Moroto, Uganda | THE INDEPENDENT | Authorities in Moroto district have embarked on a campaign to ensure that all children return to school when the academic year opens next month.
The district officials have started with community sensitisation about the value of education as a way of encouraging parents to take their children to school. The campaign, supported by Welthunger and UNICEF is targeting both parents and children, mainly in remote areas where pastoralism and mining activities take precedence.
Moroto Resident District Commissioner George William Wopuwa told URN that they have agreed with the District Executive Committee to move to the communities to mobilize parents and children to prepare for the first term of school which opens on February 6, and ensure that they stay in school.
He said that the teams are targeting areas with mining sites, cattle kraals and those who are hawking around town, and would like to ensure that all children go back to school.
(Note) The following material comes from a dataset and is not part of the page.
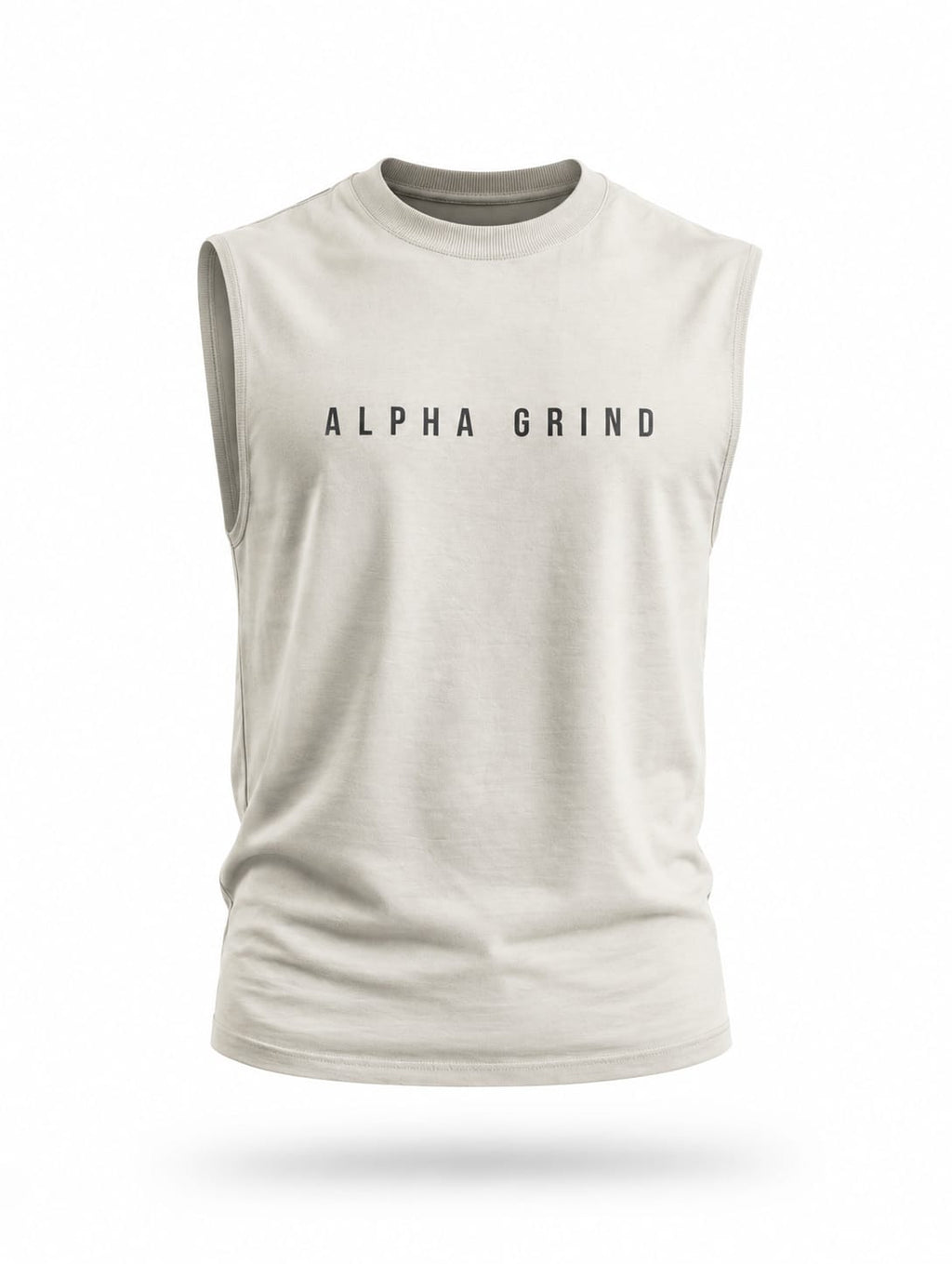 Alpha Core Muscle Tank
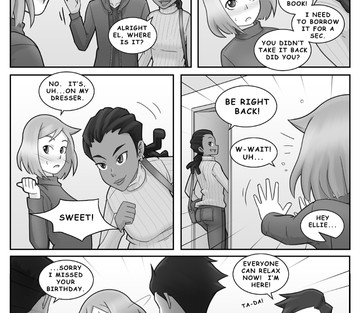 Black Label - Page 108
Moroto District Education Officer, Paul Oputa says that his office has organized special training for teachers to refresh and prepare to receive learners for the new academic year. Oputa added that they have also instructed head teachers to report back to their respective schools to monitor the student registration exercise.
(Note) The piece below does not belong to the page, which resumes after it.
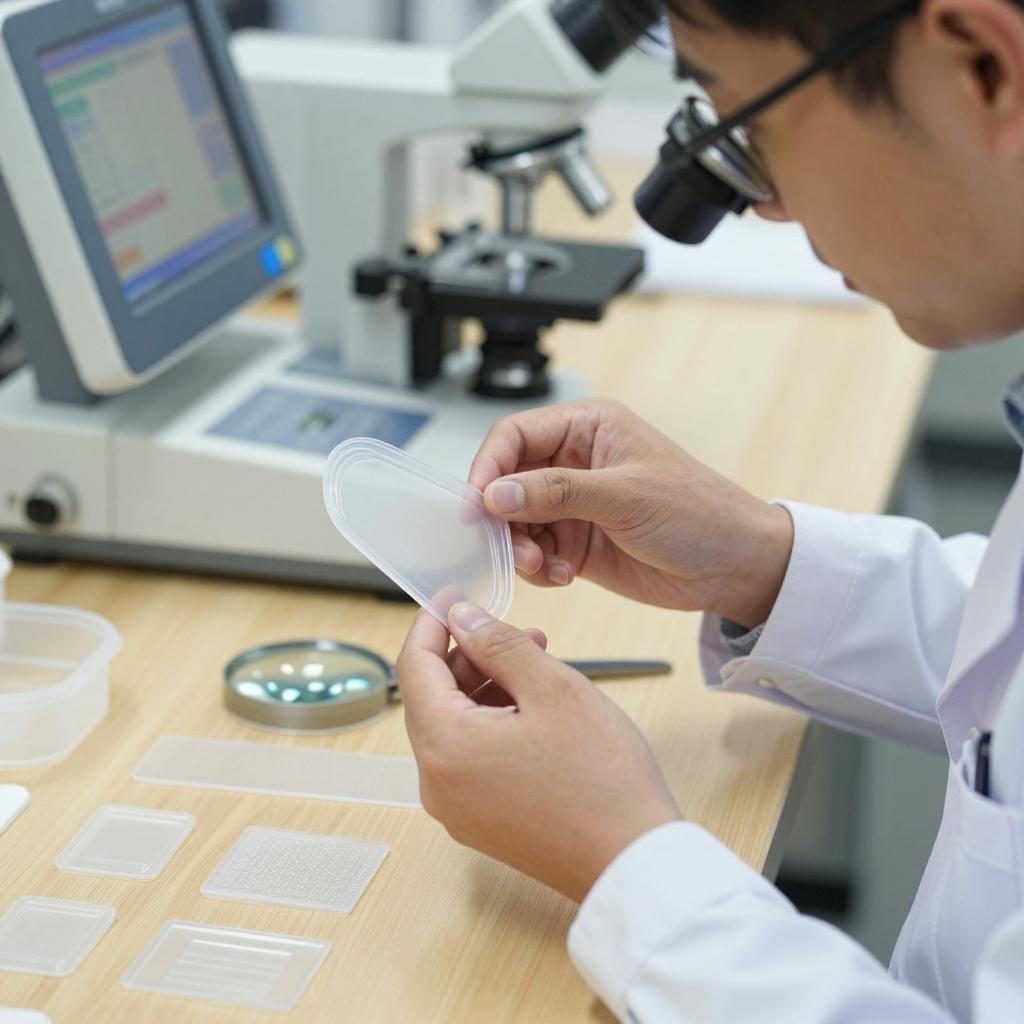 塑料类食品相关产品生产监督管理技术规范进入研讨阶段 塑料类食品相关产品生产监督管理技术规范进入研讨阶段第一张图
He explained that they have always tried their best to ensure that children stay in school but their effort is frustrated by the parents who still have a negative attitude towards education. Oputa is however optimistic that there will be a high enrollment of learners this time around because of the new strategies they are putting in place to increase access to quality education.
Meanwhile in Kotido district, the elders have taken charge of the drive to mobilise and encourage children to go back to school. John Bosco Akore, the Secretary of the Kotido Elders Council said they have established an education committee from each clan that will be responsible for mobilizing children to go back to school.
Akore said the committee shall also be responsible for moving around the villages and kraals to ensure that no child is involved in pastoral activities. He adds that parents will also be punished for keeping their children at home.
Akore noted that boys are now confined in kraals and being trained on raiding skills while the girls are married off at an early age, a practice they are strongly coming out to denounce.
“We have discovered that when the children are allowed to associate with warriors, they grow up with the same mindset of living bush life and raiding as the only alternatives for survival. We want to change that mindset,” Akore said.
He is optimistic that schools would cut the connection between warriors and the young generation which may be groomed and recruited into wrong acts.